R: Il reato di evasione c.d. generica -art. 385 codice penale- consiste nel sottrarsi all’arresto o detenzione ed è punito con la reclusione da 6 mesi ad 1 anno. Sono previste due aggravanti speciali qualora il fatto venga commesso con violenza o minaccia verso persone o mediante effrazione (reclusione da 1 a tre anni) e qualora la violenza e minaccia sia commessa con armi o da più persone riunite (reclusione da 3 a 5 anni). E’ altresì prevista una circostanza attenuante speciale qualora l’evaso si costituisca in carcere prima della condanna.
Esistono altre due ipotesi di evasione (c.d. impropria): la prima (art. 385, comma 3 c.p.) consiste nel fatto di colui che, trovandosi agli arresti domiciliari presso la propria abitazione o in altro luogo (es. luogo di cura o assistenza), se ne allontana senza autorizzazione o in ogni caso non rispetta le prescrizione impostegli. La seconda (art. 385, comma 3, seconda parte) si verifica qualora il condannato, ammesso a lavorare fuori dal carcere, si allontana dal luogo di lavoro designato dal Giudice.

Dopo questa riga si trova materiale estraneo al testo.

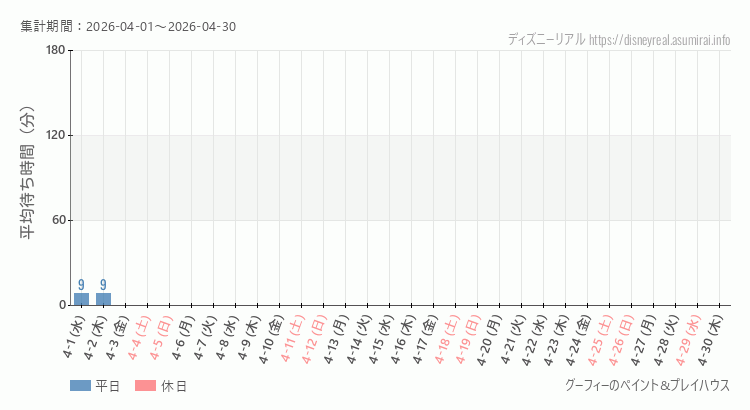 2026年4月1日から2026年4月30日グーフィー ペイントプレイハウスの平均待ち時間グラフ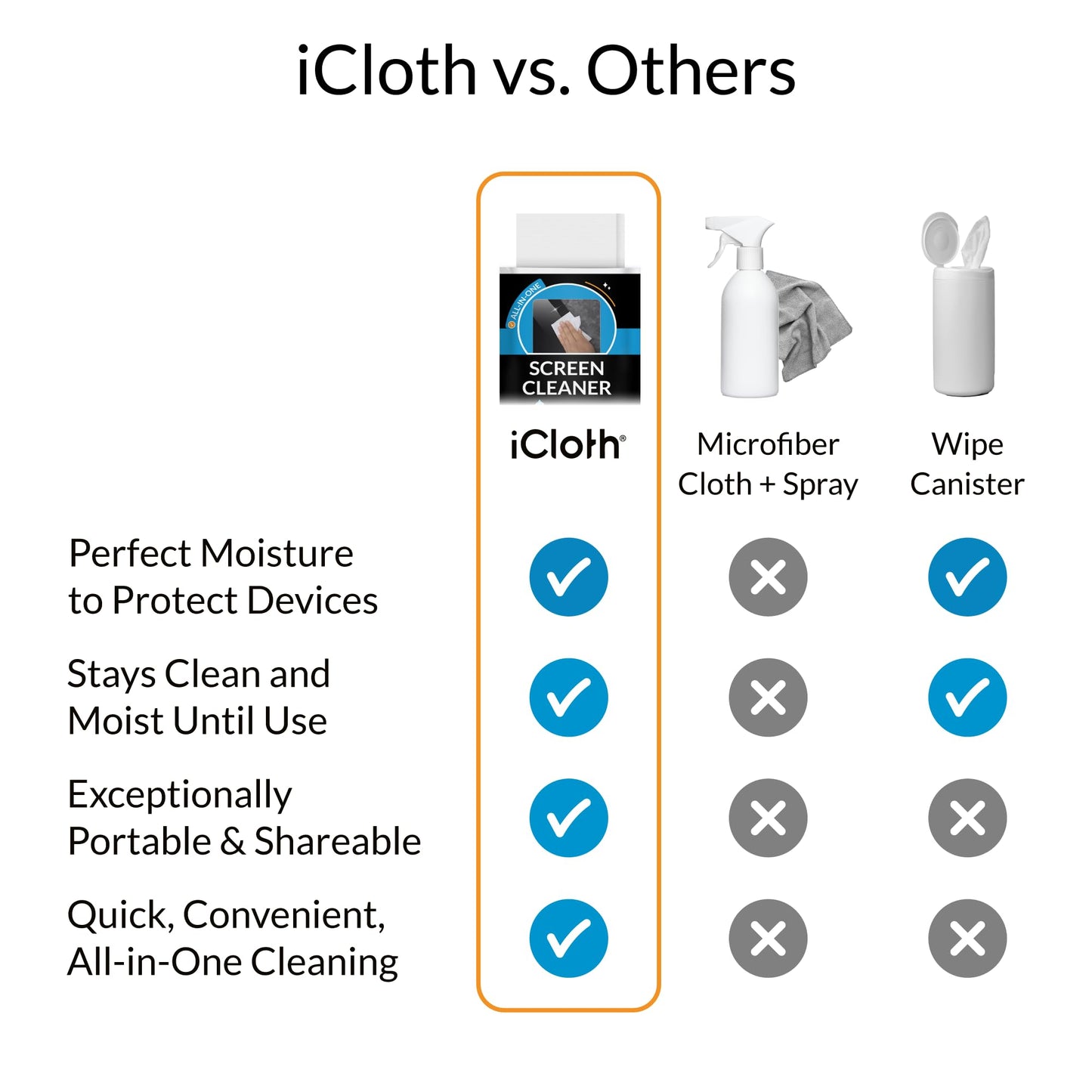 iCloth Large Screen Cleaning Wipes for Electronics, Lint-Free and Streak-Free, Fast-Drying, Removes Dust, Fingerprints, and Smudges (100 Large Wipes)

D: Cosa significa invece essere latitante?
R:Il soggetto che si sottrae ad un mandato di cattura per una pena definitiva o ad una ordinanza applicativa di misura cautelare custodiale si dice latitante. La latitanza è una aggravante laddove nel periodo di latitanza si commettano altri reati ma non costituisce autonomo reato. La differenza con l’evasione, autonomo reato, consiste nel fatto che in quest’ultima la restrizione della libertà personale (carcere o arresti domiciliari) è già avvenuta ed il soggetto si sottrae ad essa.
D: Cos’è il reato di banda armata?
R:E’ un reato che consiste nel formare o partecipare ad una particolare associazione a delinquere con lo scopo di commettere uno o più tra i più gravi dei delitti contro la personalità dello Stato (art. 306 c.p.). Rispetto all’associazione a delinquere si differenzia per il diverso fine (la commissione di reati contro la personalità dello stato) e per la presenza di armi che, a differenza della circostanza aggravante di scorrere in armi le campagne o le pubbliche vie prevista dall’art. 416 c.p., nel delitto di banda armata è elemento costitutivo del reato.
Per la costituzione di una banda armata la pena è della reclusione da 5 a 15 anni. Per la partecipazione la pena è della reclusione da 3 a 9 anni.
D: In cosa consiste l’estradizione?
R: E’ la consegna, da parte dello Stato cui perviene la richiesta allo Stato richiedente, di una persona ricercata o perché oggetto di una sentenza di condanna definitiva ad una pena detentiva o ad una misura di sicurezza (estradizione esecutiva) o perchè oggetto di una ordinanza di custodia cautelare (estradizione processuale). L’estradizione è normata, nell’ordinamento italiano, dalla Costituzione (artt. 10 e 26), dall’art. 13 c.p. e dagli artt. 696 – 722 c.p.p., dalle Convenzioni internazionali e dalle norme di Diritto internazionale. L’estradizione può essere passiva: consegna dall’Italia ad uno Stato estero e attiva: consegna da uno Stato estero all’Italia.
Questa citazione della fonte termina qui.